### TASK TO CARRY OUT
Bring back every record exactly, except for the pictures, which stay out.

### PROVIDED RECORDS
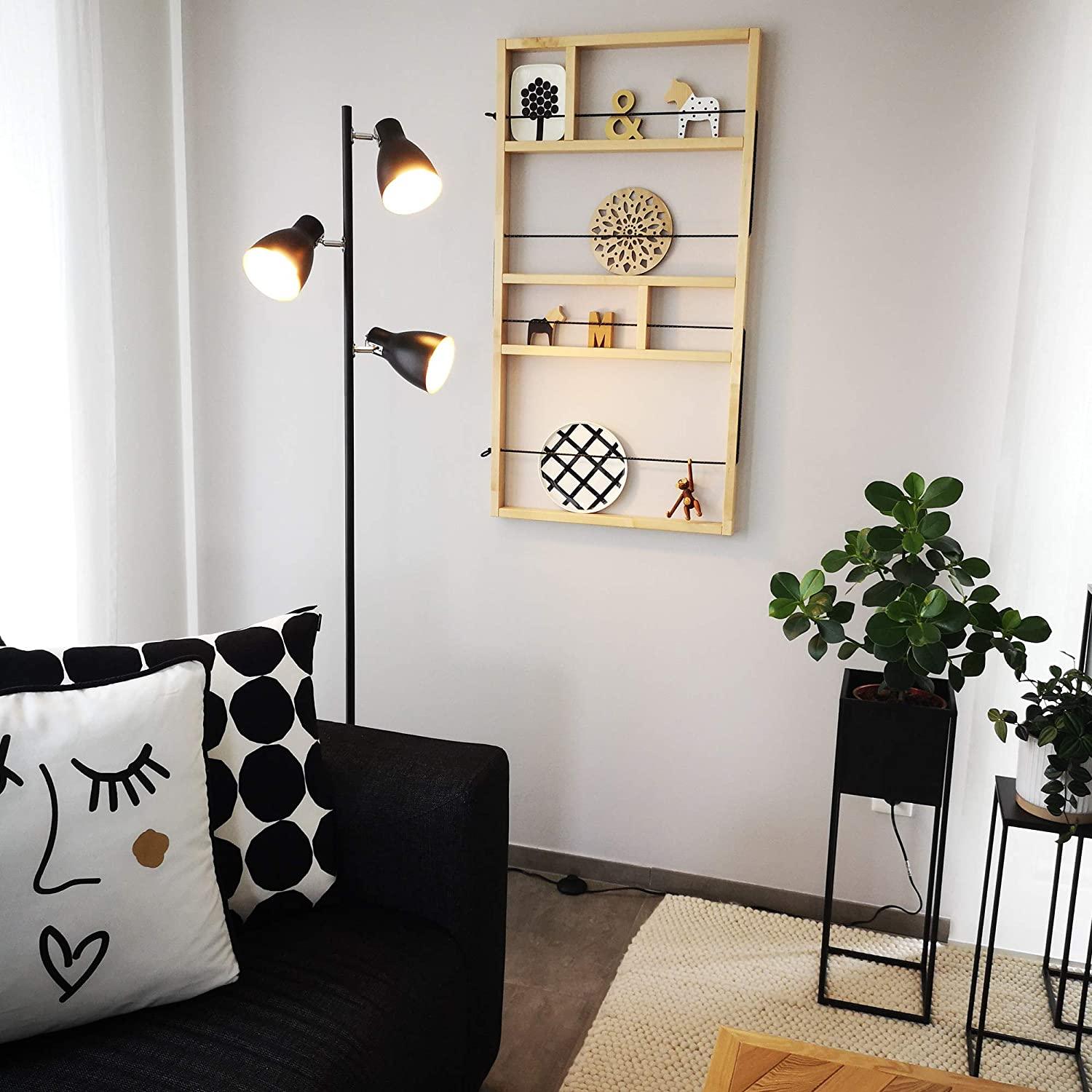 Lampadaire Industriel Noir 3 Spots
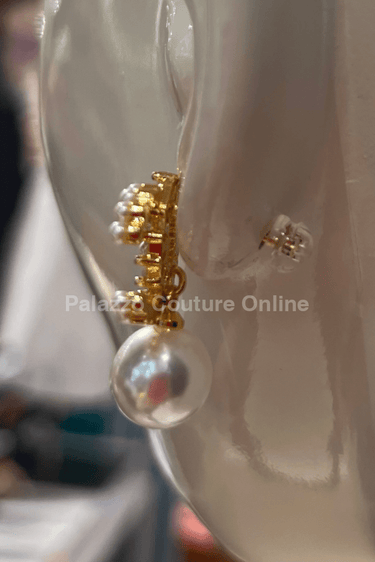 Rhine & C Pearl Drop Earrings (Gold) - Palazzo Couture Online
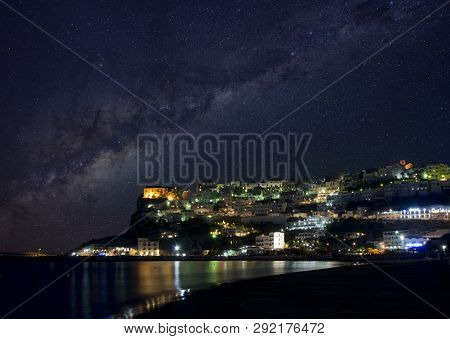 Imaginary Artistic View Of The Peschici Promontory With The Milky Way In The Background. Peschici, G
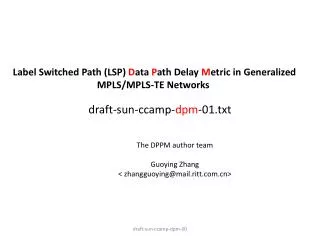 draft-sun-ccamp- dpm -01.txt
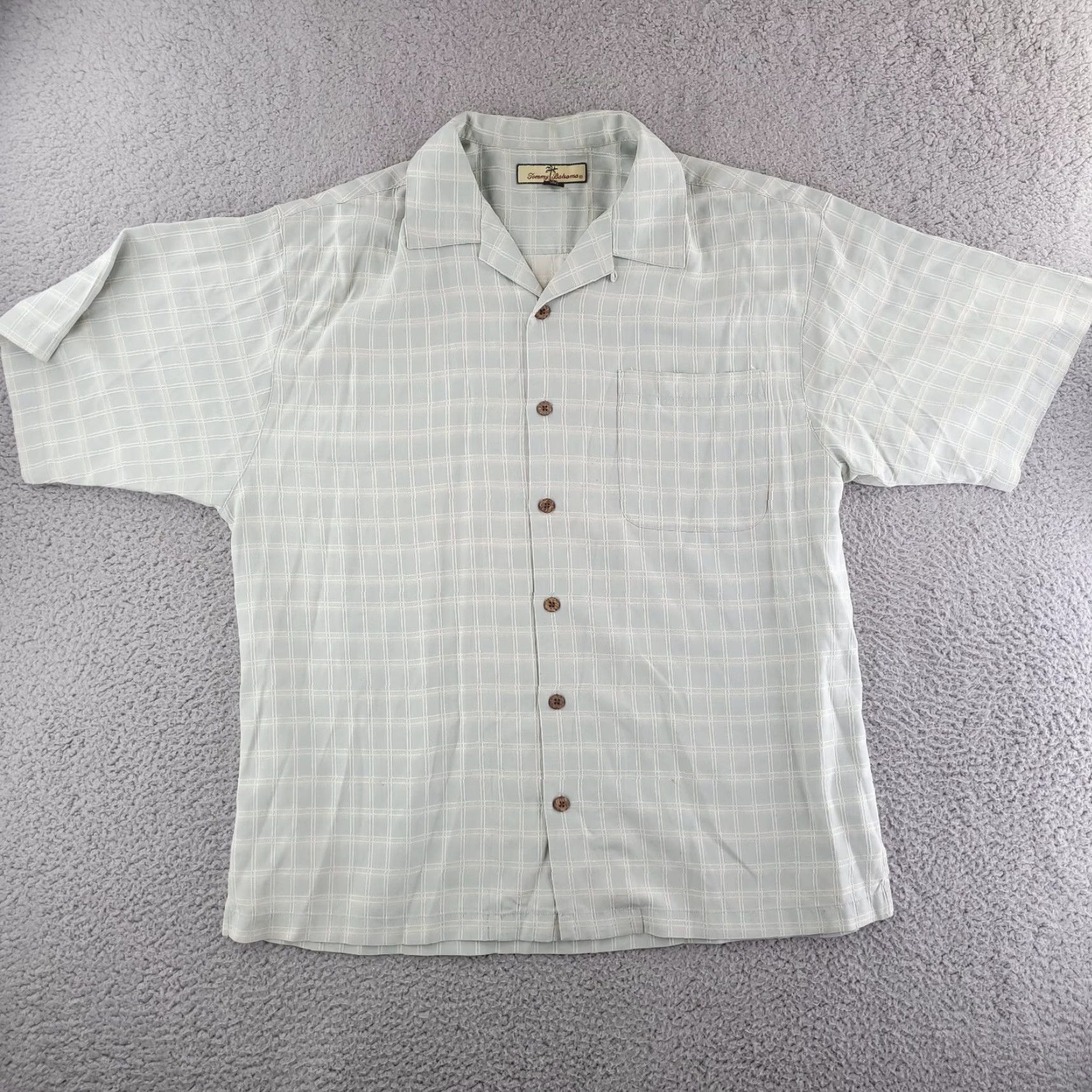 Tommy Bahama Tommy Bahama Shirt Mens Large Silk Green Short Sleeve Button-Up Textured Size US L / EU 52-54 / 3 - 2 Thumbnail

### FINISHED EXERCISE
 Lampadaire Industriel Noir 3 Spots
 Rhine & C Pearl Drop Earrings (Gold) - Palazzo Couture Online
 Imaginary Artistic View Of The Peschici Promontory With The Milky Way In The Background. Peschici, G
 draft-sun-ccamp- dpm -01.txt
 Tommy Bahama Tommy Bahama Shirt Mens Large Silk Green Short Sleeve Button-Up Textured Size US L / EU 52-54 / 3 - 2 Thumbnail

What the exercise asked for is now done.